Cette version présumée originale du conte a été écrite pour la cour française du roi Louis XIV, à la fin du XVIIe siècle. Ce public, que le roi divertissait par des fêtes extravagantes, devait vraisemblablement tirer de l’histoire le sens voulu.

Les frères GrimmEdit

Wilhelm (à gauche) et Jacob Grimm, d’après une peinture de 1855 d’Elisabeth Jerichau-Baumann

Au XIXe siècle, deux versions allemandes distinctes ont été racontées à Jacob Grimm et à son frère cadet Wilhelm Grimm, connus sous le nom de frères Grimm, la première par Jeanette Hassenpflug (1791-1860) et la seconde par Marie Hassenpflug (1788-1856). Les frères ont transformé la première version en corps principal de l’histoire et la seconde en une suite de celle-ci. Le conte en tant que Rotkäppchen a été inclus dans la première édition de leur recueil Kinder- und Hausmärchen (Contes pour enfants et pour la maison (1812) – KHM 26).

Les premières parties du conte s’accordent si bien avec la variante de Perrault qu’elle est presque certainement la source du conte.
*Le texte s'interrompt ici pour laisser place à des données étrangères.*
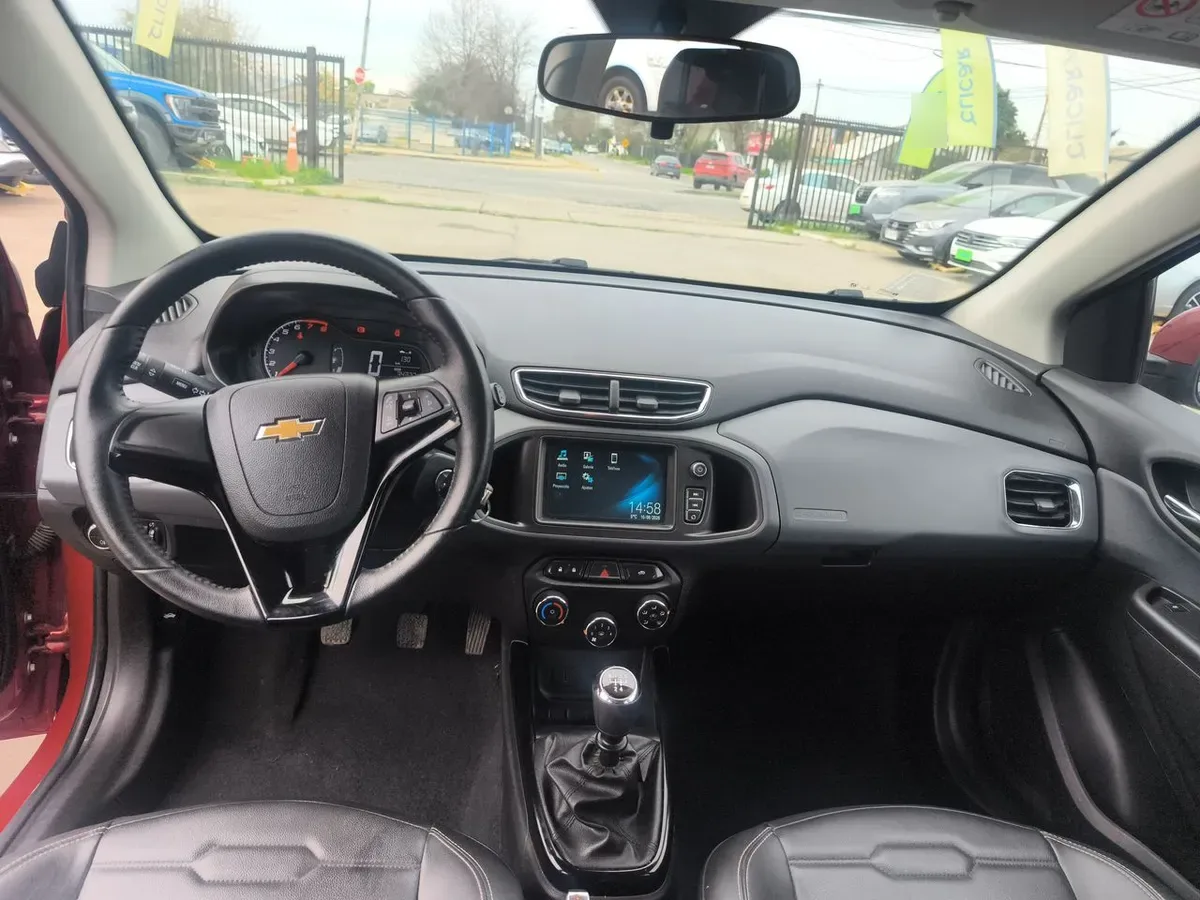 Chevrolet Onix 1.4 Ltz 4x2 Hb Mt 5p año 2020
Cependant, ils ont modifié la fin ; cette version voyait la petite fille et sa grand-mère sauvées par un chasseur qui en voulait à la peau du loup ; cette fin est identique à celle du conte  » Le loup et les sept jeunes enfants « , qui semble être la source. Dans la deuxième partie, la jeune fille et sa grand-mère piègent et tuent un autre loup, cette fois en anticipant ses mouvements grâce à leur expérience avec le précédent. La fillette ne quittait pas le chemin lorsque le loup lui parlait, sa grand-mère verrouillait la porte pour l’empêcher d’entrer, et lorsque le loup rôdait, la grand-mère demandait au Petit Chaperon rouge de mettre une auge sous la cheminée et de la remplir d’eau dans laquelle on avait fait cuire des saucisses ; l’odeur attirait le loup et il se noyait.

Les Frères ont encore révisé l’histoire dans des éditions ultérieures et elle a atteint la version finale susmentionnée, plus connue, dans l’édition de 1857 de leur ouvrage. Elle est notamment plus apprivoisée que les histoires plus anciennes qui contenaient des thèmes plus sombres.

Versions ultérieuresÉdition

Une gravure de la Cyclopédie de l’esprit et de l’humour.

De nombreux auteurs ont réécrit ou adapté ce conte.

Andrew Lang a inclus une variante intitulée « La véritable histoire de la petite enfance dorée » dans Le livre des fées rouges (1890). Il l’a dérivée des œuvres de Charles Marelles, dans Contes de Charles Marelles. Cette version indique explicitement que l’histoire avait été mal racontée auparavant. La jeune fille est sauvée, mais pas par le chasseur ; lorsque le loup tente de la manger, sa gueule est brûlée par la hotte d’or qu’elle porte et qui est enchantée.

James N. Barker a écrit une variation du Petit Chaperon rouge en 1827 sous la forme d’une histoire d’environ 1000 mots. Elle a ensuite été réimprimée en 1858 dans un livre d’histoires collectées édité par William E Burton, appelé Cyclopedia of Wit and Humor. La réimpression comporte également une gravure sur bois représentant un loup habillé à genoux tenant la main du Petit Chaperon rouge.

Au XXe siècle, la popularité du conte semble faire boule de neige, de nombreuses nouvelles versions étant écrites et produites, notamment dans le sillage de l’analyse freudienne, de la déconstruction et de la théorie critique féministe. (Voir « Utilisations et adaptations modernes » ci-dessous.) Cette tendance a également conduit à l’écriture d’un certain nombre de textes académiques qui se concentrent sur le Petit Chaperon rouge, notamment les travaux d’Alan Dundes et de Jack Zipes.